Eric Bertinat – Dimanche 15 mai, Charles de Foucauld sera canonisé par l’Église catholique. Le dernier Figaro hors série « Charles de Foucauld, une voix dans le désert» nous dévoile cette trajectoire hors norme, illustrée par de très beaux textes et une magnifique iconographie. Courrez l’acheter, il mérite de figurer dans votre bibliothèque ! Il mérite un peu de temps de lecture et de méditation tant cet homme qui se voulait être «un Évangile vivant» nous est proche, à nous les baptisés du XXIe siècle qui souffrons dans une époque qui nous a échappé.

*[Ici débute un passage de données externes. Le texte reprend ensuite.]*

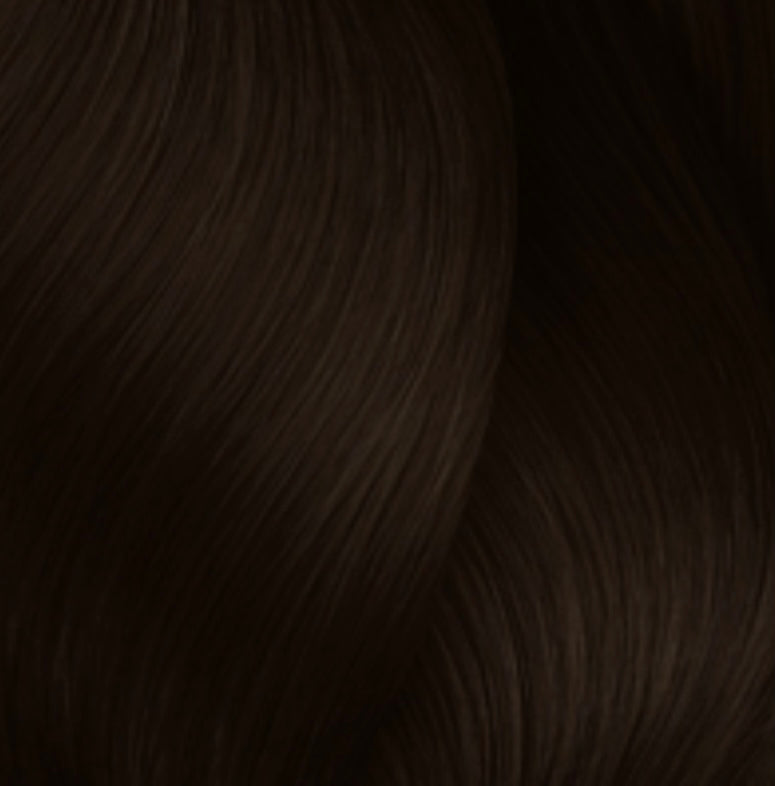 Color AKA 55/0 – Marrón claro intenso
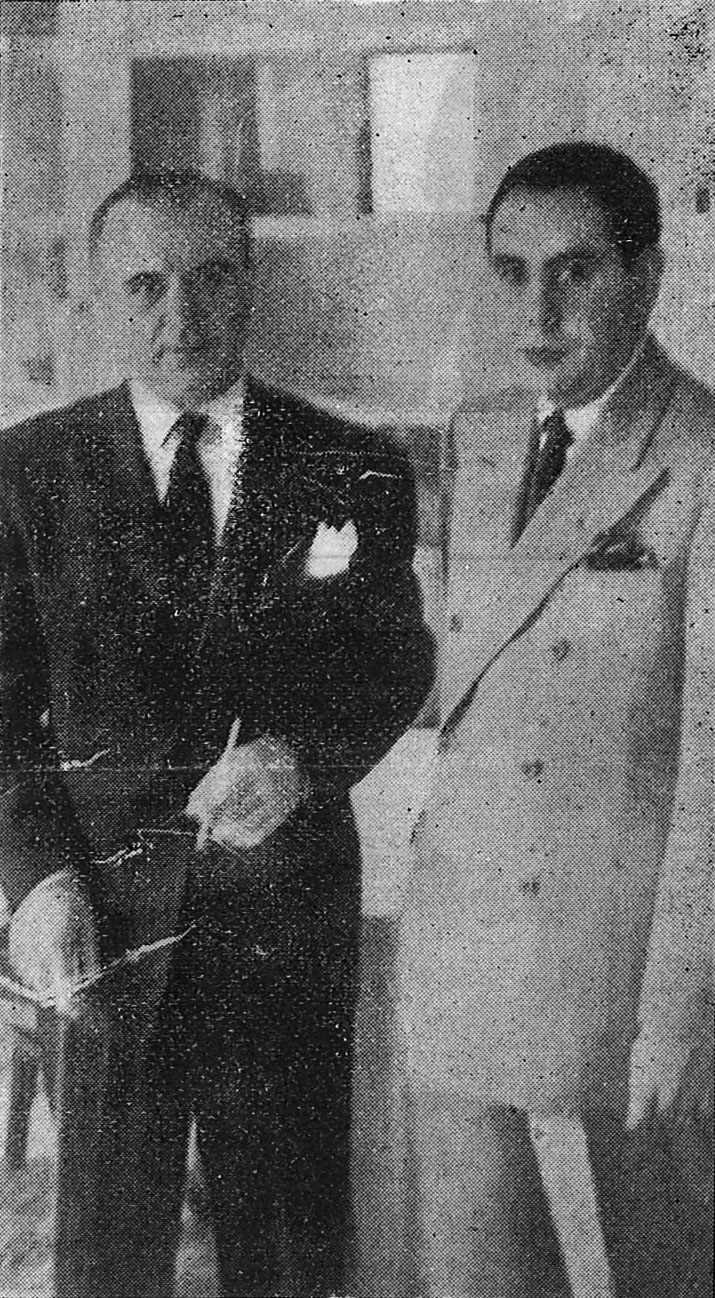 José Iturbi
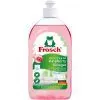 Средство для ручного мытья посуды Frosch Малина 500 мл (4009175940278)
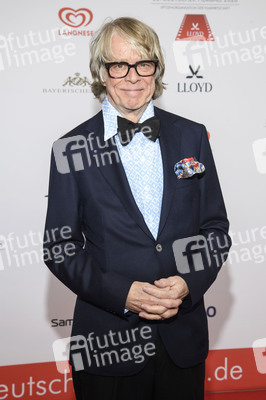 Deutscher Filmball 2026 in München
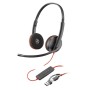 POLY BW 3220 STEREO USB-C HS +US (8X228AA)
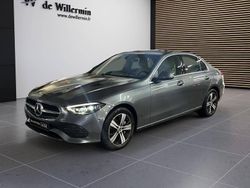 Utilisé 2023 Mercedes C300 Berline | 39 990 € (Super prix)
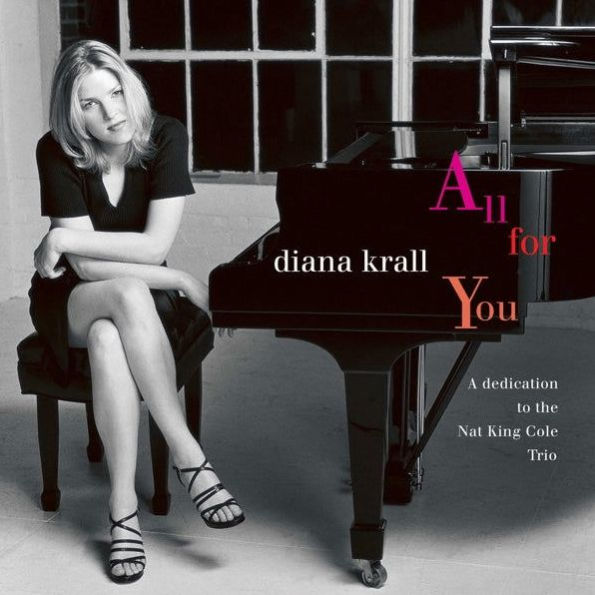 All For You [Verve Acoustic Sounds Series] [2 LP]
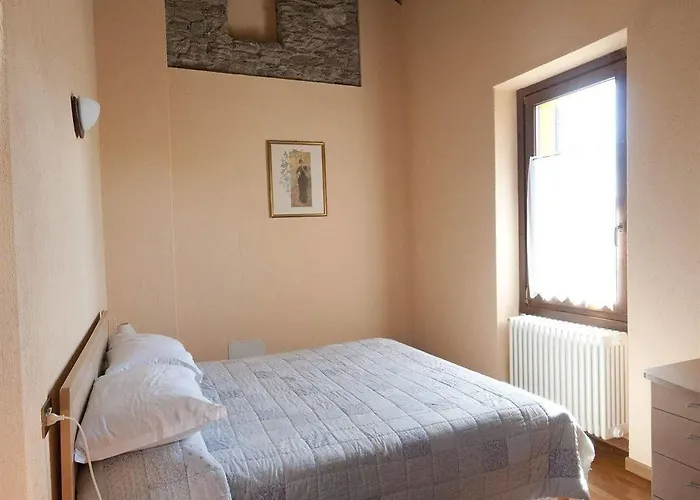 Lantgård Monterosso *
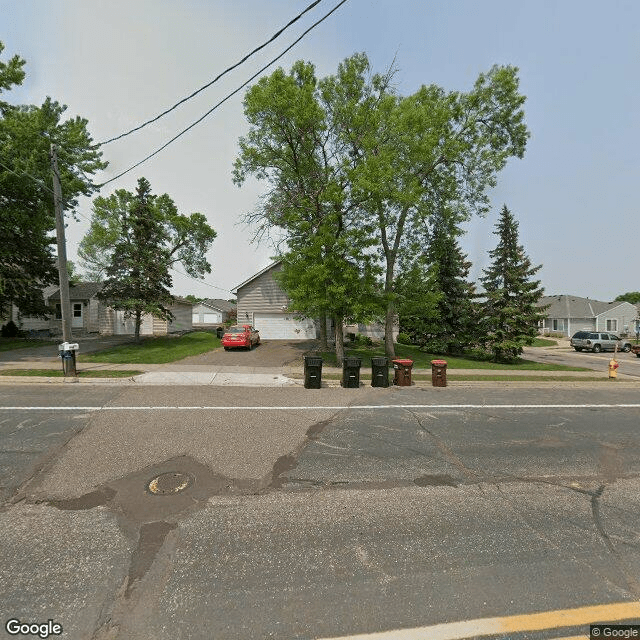 street view of Scenic Hills Alternative Care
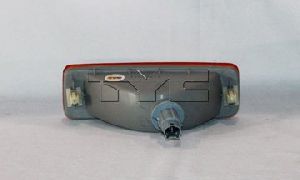 TYC Products Turn Signal Light Assembly  Front Right 
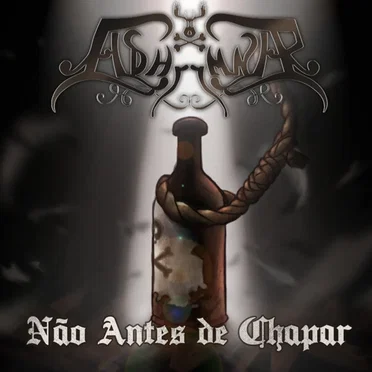 Não Antes de Chapar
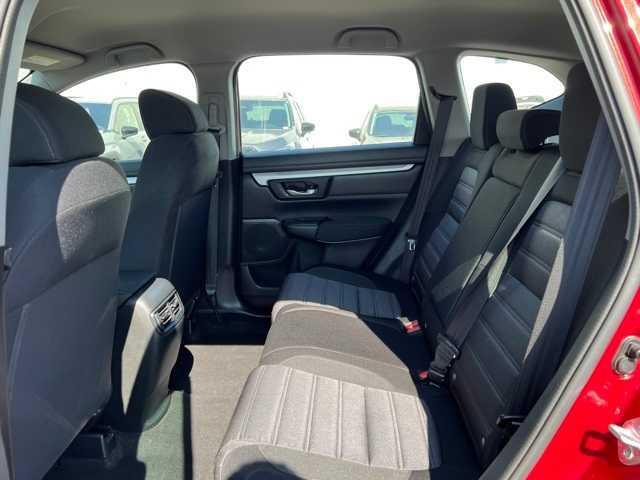 used 2021 Honda CR-V car, priced at $24,810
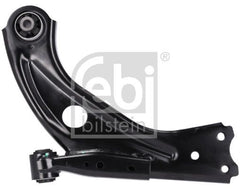 Querlenker Vorderachse rechts für CITROËN FIAT OPEL PEUGEOT VAUXHALL BERLINGO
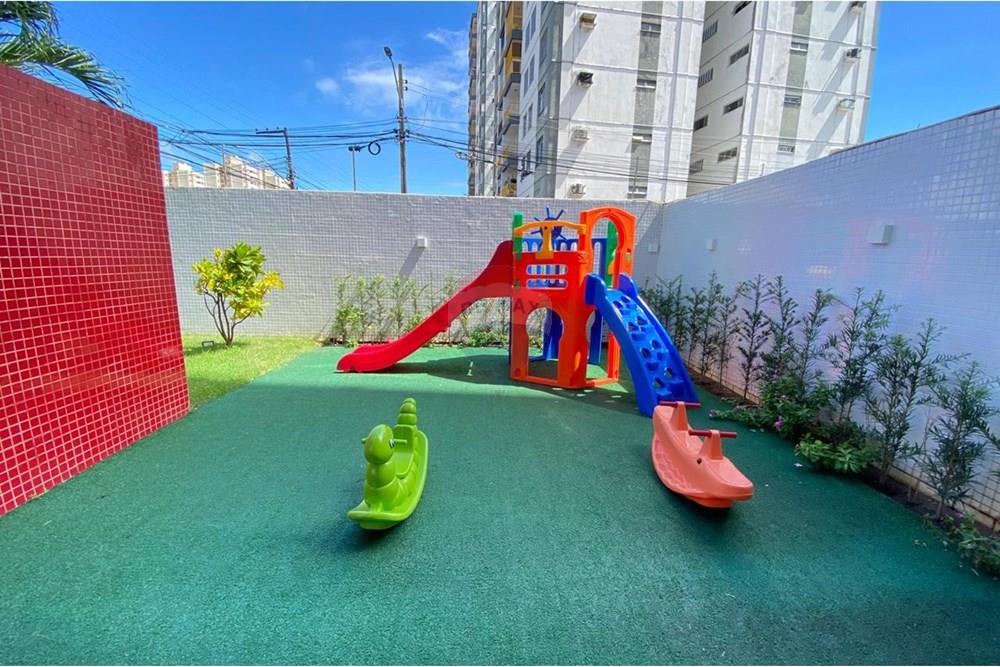 Apartamento - Venda - Aracaju , Sergipe - 5e53b278-ee80-4f6f-b38c-e799969c6e63.jpg - 850581010-273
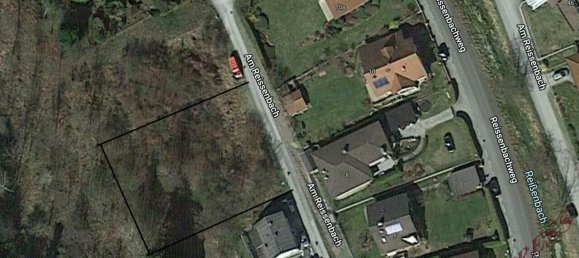 Terreno en Kirchschlag in der Buckligen Welt, Austria 1267 m² No. 243105 3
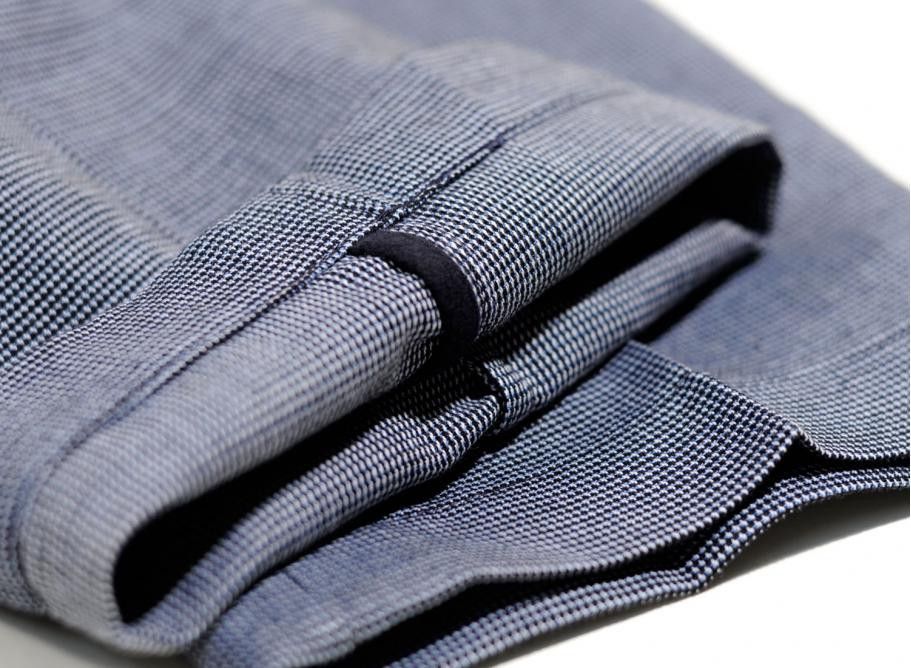 YMC YOU MUST CREATE Hand Me Down Trouser Size US 34 / EU 50 - 5 Thumbnail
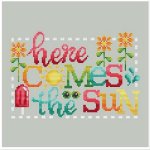 (image for) Here Comes the Sun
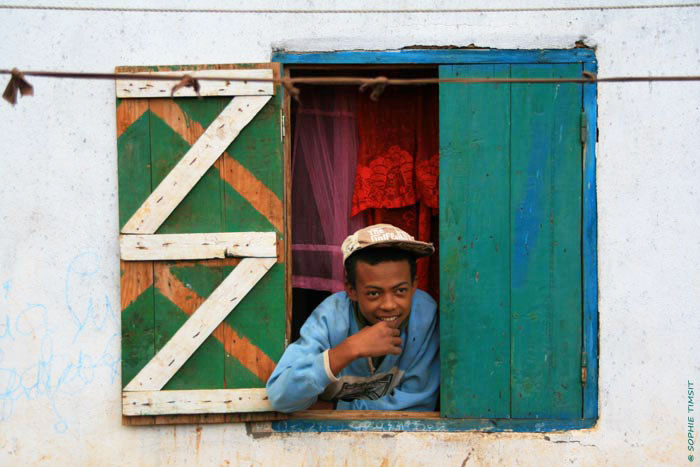 Atsongo, Madagascar, 2011 © Sophie Timsit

Les pigistes sécheront sans doute sur le sujet : la trajectoire du Français né en 1858 étant tout sauf ordinaire. Pour l’Église elle-même qui n’a pas l’habitude de mettre en avant un homme dont Michel de Jaeghere, talentueux éditorialiste de ce Figaro hors-série nous dit que «Nul échec ne fut en apparence plus complet. Il s’était cru appelé à faire connaître aux musulmans les vertus de l’Évangile, et il était tombé sous le couteau de l’un d’entre eux». Pas ordinaire non plus pour notre société contemporaine perdue dans son rejet de la vérité et sa poursuite effrénée de succès périssables.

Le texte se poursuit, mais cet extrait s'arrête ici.